Has the “Fed put” vanished?

May 11, 2022
illustration of a chart and monetary symbols

So far, 2022 has been painful for capital markets, with equities experiencing their third-worst start to a year on record and the bond market experiencing its worst drawdown since the 1930s. Last week was particularly volatile as sentiment among stock investors whipsawed and the 10-year Treasury yield broke above 3%, its highest level in 3½ years.

The equity and bond markets have become increasingly intertwined as the Federal Reserve has greatly enhanced their transparency. Investors have recently referenced a “Fed put,” a term that originated under former Fed Chair Alan Greenspan, believing that the Fed will provide insurance against protracted equity market declines through aggressive policy. In the post-financial-crisis period, quantitative easing provided similar confidence to the bond market, with the Fed’s balance sheet rising from under $800 billion in 2008 to nearly $9 trillion today.

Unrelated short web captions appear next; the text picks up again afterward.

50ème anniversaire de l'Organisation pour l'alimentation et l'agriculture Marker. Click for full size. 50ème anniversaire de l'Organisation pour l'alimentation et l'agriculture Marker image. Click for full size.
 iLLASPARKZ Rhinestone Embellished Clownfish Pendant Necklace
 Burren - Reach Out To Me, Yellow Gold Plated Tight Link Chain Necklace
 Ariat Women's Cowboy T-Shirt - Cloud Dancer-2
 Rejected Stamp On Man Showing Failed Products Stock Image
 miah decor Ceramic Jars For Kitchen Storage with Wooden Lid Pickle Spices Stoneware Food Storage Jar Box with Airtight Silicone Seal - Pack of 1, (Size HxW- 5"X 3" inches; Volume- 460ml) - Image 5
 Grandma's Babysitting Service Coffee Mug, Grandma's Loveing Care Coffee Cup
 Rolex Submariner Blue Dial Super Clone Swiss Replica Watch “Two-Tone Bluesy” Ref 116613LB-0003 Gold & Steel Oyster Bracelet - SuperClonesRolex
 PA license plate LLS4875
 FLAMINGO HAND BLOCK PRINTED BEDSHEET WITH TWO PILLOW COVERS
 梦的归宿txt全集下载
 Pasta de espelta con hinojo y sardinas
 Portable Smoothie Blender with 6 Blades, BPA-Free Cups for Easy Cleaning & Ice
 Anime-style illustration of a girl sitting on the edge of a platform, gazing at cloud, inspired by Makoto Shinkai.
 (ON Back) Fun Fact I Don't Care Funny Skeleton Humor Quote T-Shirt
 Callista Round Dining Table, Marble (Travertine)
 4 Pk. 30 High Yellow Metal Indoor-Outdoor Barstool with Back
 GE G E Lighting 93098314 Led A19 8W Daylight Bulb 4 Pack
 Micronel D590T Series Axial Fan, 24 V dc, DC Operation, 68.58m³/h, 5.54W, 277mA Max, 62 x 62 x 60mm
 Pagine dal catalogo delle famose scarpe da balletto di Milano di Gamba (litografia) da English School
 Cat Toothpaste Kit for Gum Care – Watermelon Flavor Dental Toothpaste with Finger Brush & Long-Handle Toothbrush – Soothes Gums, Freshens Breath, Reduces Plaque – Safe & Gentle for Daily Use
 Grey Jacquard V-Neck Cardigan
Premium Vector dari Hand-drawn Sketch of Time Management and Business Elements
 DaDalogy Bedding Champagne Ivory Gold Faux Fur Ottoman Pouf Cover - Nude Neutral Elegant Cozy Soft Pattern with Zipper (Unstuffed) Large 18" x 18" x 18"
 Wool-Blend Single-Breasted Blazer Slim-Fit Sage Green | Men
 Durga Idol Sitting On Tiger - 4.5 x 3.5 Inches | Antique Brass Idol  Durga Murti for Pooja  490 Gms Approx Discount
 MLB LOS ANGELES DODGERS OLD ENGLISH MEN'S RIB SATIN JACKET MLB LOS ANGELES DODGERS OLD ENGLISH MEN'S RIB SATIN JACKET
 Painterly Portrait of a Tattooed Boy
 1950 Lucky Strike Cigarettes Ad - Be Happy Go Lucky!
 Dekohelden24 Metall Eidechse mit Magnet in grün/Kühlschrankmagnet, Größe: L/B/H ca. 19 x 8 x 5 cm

Federal Reserve Qualitative Easing and Tightening (May 2006 - Est July 2023)

The Federal Open Market Committee (FOMC) voted to raise the Fed funds rate by 0.50% at its May 4th meeting, along with announcing a detailed plan to reduce its balance sheet. The initial reaction to the Fed’s decision was bullish, as Chair Jerome Powell calmed fears that a 0.75% hike was looming. This was the first occasion when the S&P 500® Index rallied 2% on the day of a rate hike since March 21, 2000; that was just days before the technology bubble’s peak. The rally on May 4 was more than offset by a decline the following day, as investors came to terms with what may likely be a prolonged cycle of higher rates. For context, the bond market does not believe in the Federal Reserve’s rate path outlook and fears a credibility crisis. As the chart above illustrates, as the Federal Reserve removes liquidity by reducing its balance sheet (through quantitative tightening, which is the opposite of quantitative easing) to tackle the fastest pace of inflation the U.S. has witnessed in over 40 years, a roaring stock market isn’t conducive to the Fed’s new priority of taming inflation.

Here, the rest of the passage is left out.